We brought him home and attempted to give him some pain medication, then carefully weighed the pros and cons of putting a 14 year old dog through surgery. He could not get better without surgery, so we had to decide if palliative care for a few short days or weeks in which he would probably be in a lot of discomfort ending with euthanasia was better than putting him through surgery and postoperative discomfort for a couple of weeks to extend his life for 6 months to maybe a couple of years. We chose the latter since the prognosis after successful gall bladder surgery is excellent. We knew there was always the possibility that he could die during surgery or never come out of the anesthesia, but since he was facing euthanasia anyway, we took the chance, and gave him a chance at a longer life.

That night, Odo started vomiting again, and my decision was final.
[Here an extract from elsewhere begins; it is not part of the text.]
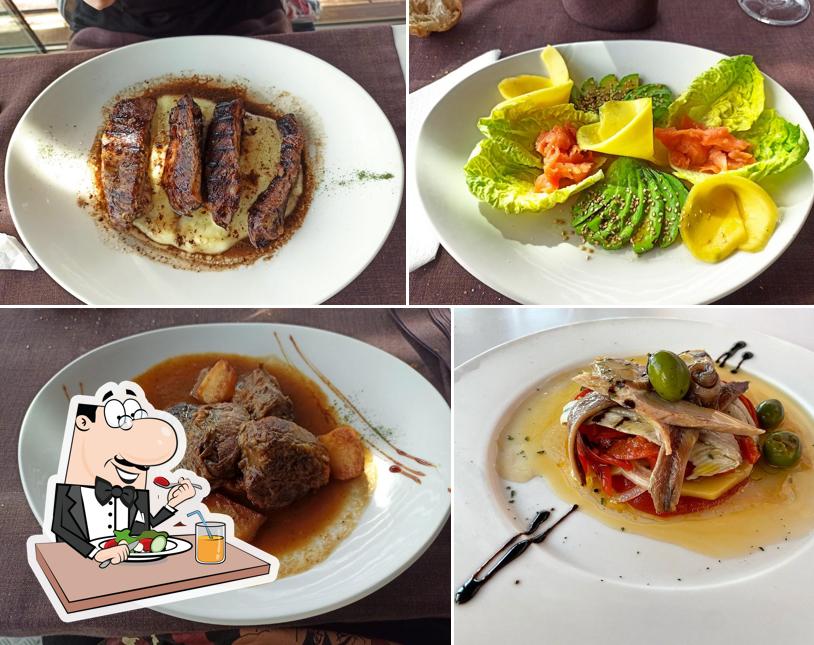 Sarbil review photo showing a smoked salmon and avocado salad among other dishes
We would take him to the emergency hospital, next door to the surgical center, where they could give him relief from his pain and nausea, in preparation for surgery. I returned the next morning to get Odo checked in for surgery and consult with out veterinary surgeon. When I checked to see how Odo was doing they told me he hadn’t peed for them, and asked if I could take him out. I hadn’t planned on seeing him, because I didn’t want to confuse him, but I had to help him if I could. So they brought him out, left leg wrapped to keep it immobile for the catheter, which made his walk very awkwardly. He peed for me, of course, and I worried as I returned to the front door of the hospital, that he’d head for our car parked out front. To my surprise, he didn’t. He headed straight back to the door and when I handed the leash over to the tech, Odo led her away down the hall, back to the ward. That was when I knew I had made the right choice. He knew where he was comfortable and wanted to stay there.

Surgery took place around noon on June 24th. The gall bladder hadn’t ruptured, in fact still looked “good” despite it’s enormous size, and there didn’t appear to be any infection (a serious concern for a dog that’s sensitive to just about every oral antibiotic on the market). Odo came out of surgery like a puppy. He was ready to go home the next day, and unlike the day before was eager to get in the car. I had to hold him back to keep him from running across the parking lot. He was in some pain over the weekend, but we gradually eased him of the pain medication (an opiate derivative that distressed him), and eased him onto solid food. His recovery was amazing. Within days he looked more alert, his eyes were bright again, ears perked up. The only problem was some difficulty walking on his left foot, possibly some arthritis that became inflamed from the odd way he had to walk. Unfortunately, because of his elevated liver enzymes and his Cushing’s disease, anti-inflammatory medication was out of the question, so we opted for laser therapy and light exercise.

It has now been over two weeks since surgery and he’s mostly back to his old self. For those who know him well enough, he’s playing with his pillow again! He’s eating well, although oddly turns his nose at one particular treat (I think it was the last thing he ate before the vomiting started). He’s walking half a mile in the morning, a little bit less in the evening. The limp is nearly gone when he walks on pavement, but he still looks a little tender-footed on the gravel driveway, uneven surfaces, and when he gets up from a nap. He’s noticing the deer again and even trying to chase them.

There’s no way to know how much longer Odo will be with us, given his other medical issues, but I can say for certain that his quality of life, right now, is much better than it has been the last few months (even though we didn’t know it), and that alone was worth every penny.